Factors that Affect A Good Cap Rate
There are several factors that affect a good cap rate of an investment property, in particular: location, market, asset type, and current interest rates.
Location + Local Market
There is a reason that “location, location, location” is one of the oldest sayings in real estate. Location plays a significant role in driving demand for the property. And the supply of good investments in a location drives the value of the real estate, almost more than any other factor. Thus, we see the impact of location on real estate investments.
Drilling down into a specific location, the market can be defined as either the greater geographic area or the urban vs. suburban location within a metro area. Since current market values define cap rates, current market conditions are a crucial part of the cap rate calculation.
There are five primary types of real estate assets: single family homes and multi-family residences, plus retail, office, and Industrial buildings.

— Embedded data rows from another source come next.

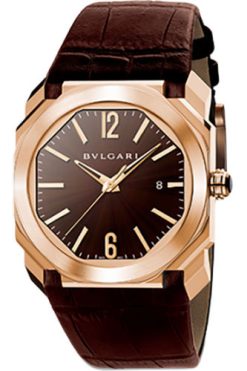 Đồng Hồ Bulgari 102250 BGOP41C11GLD - Octo 41 mm - Pink Gold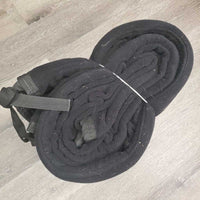 Square Fleece Cooler, "AHHS Year End Champ" *gc, dirt, hair, mnr hole, snags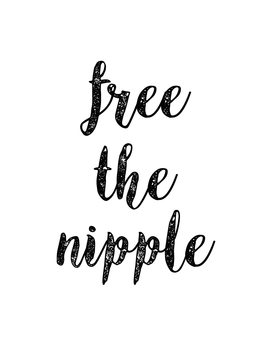 Illustration freethenipple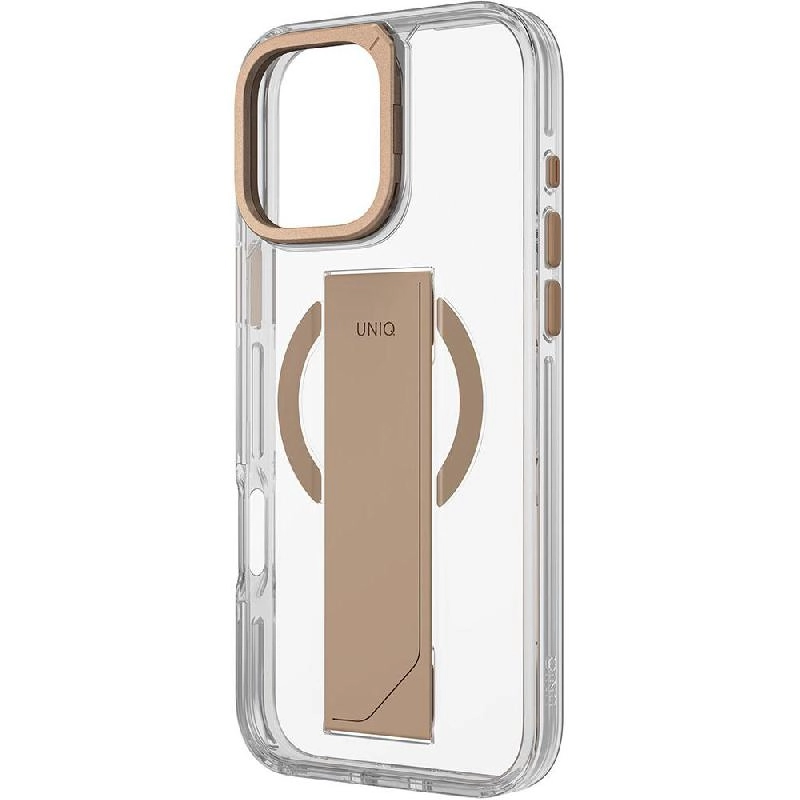 Heldro Max Back Cover Mobile Case with MagSafe for iPhone 16 Pro Max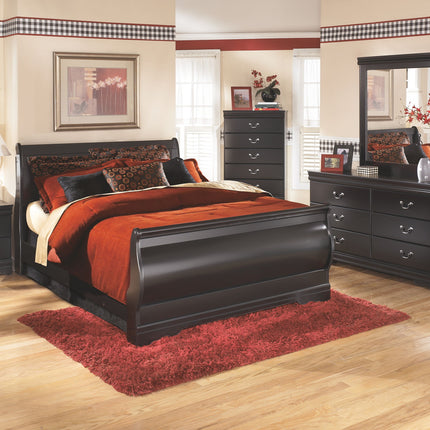 Huey Vineyard - Sleigh Bed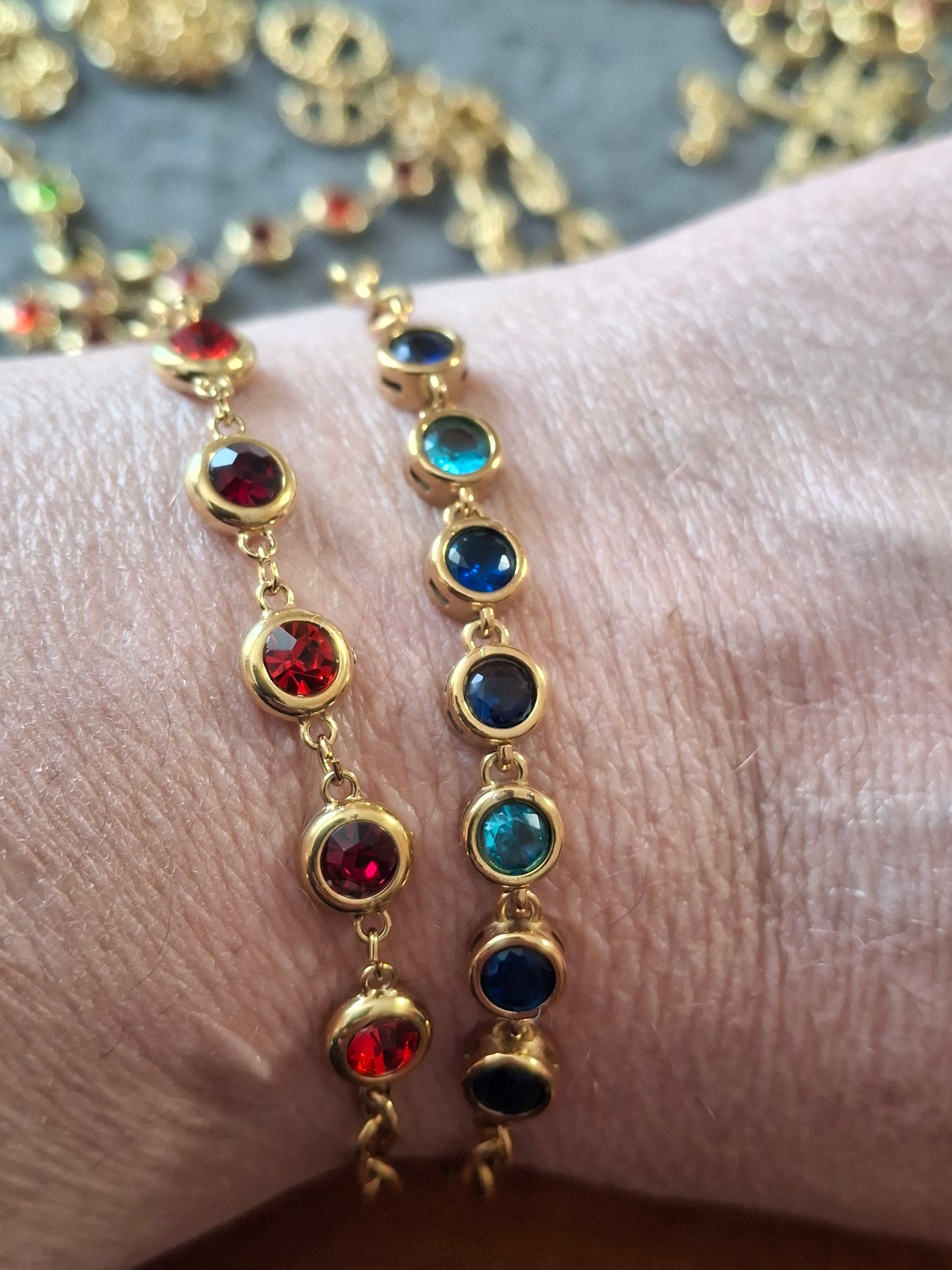 Armband Kette Edelstahl 316 von sehr guter Qualität handgefertigt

Each property type carries its own unique risks that affect cap rates. For example, in an economic downturn, single family rentals are a much safer investment than a commercial property. Here’s why: While businesses may close in a tough economic climate, people always need a place to live.
The least intuitive part of a cap rate calculation is the interest rate. The rate at which you can borrow money significantly impacts the profitability of a real estate investment. Here is an example that shows how an interest rate can affect a good cap rate:
A property purchased for $100,000 generates $11,400 in revenue each year. The property was purchased with $80,000 financed at a 4% interest rate, with a monthly mortgage payment of $382 and the monthly operating expenses are $200.
Cap Rate = ($11,400 – (($382 + $200) x 12)) / $100,000
This property’s cap rate is over 4%.
Interest rates have a large effect on cap rates. If the interest rate goes up to 6% the cap rate drops to 3%. Difficult to predict and challenging to calculate, interest rates are the most complex element of achieving a good cap rate for your investment.
This article is for informational purposes only. For information specific to your investment situation, consult with a qualified tax adviser, CPA, financial planner or investment manager.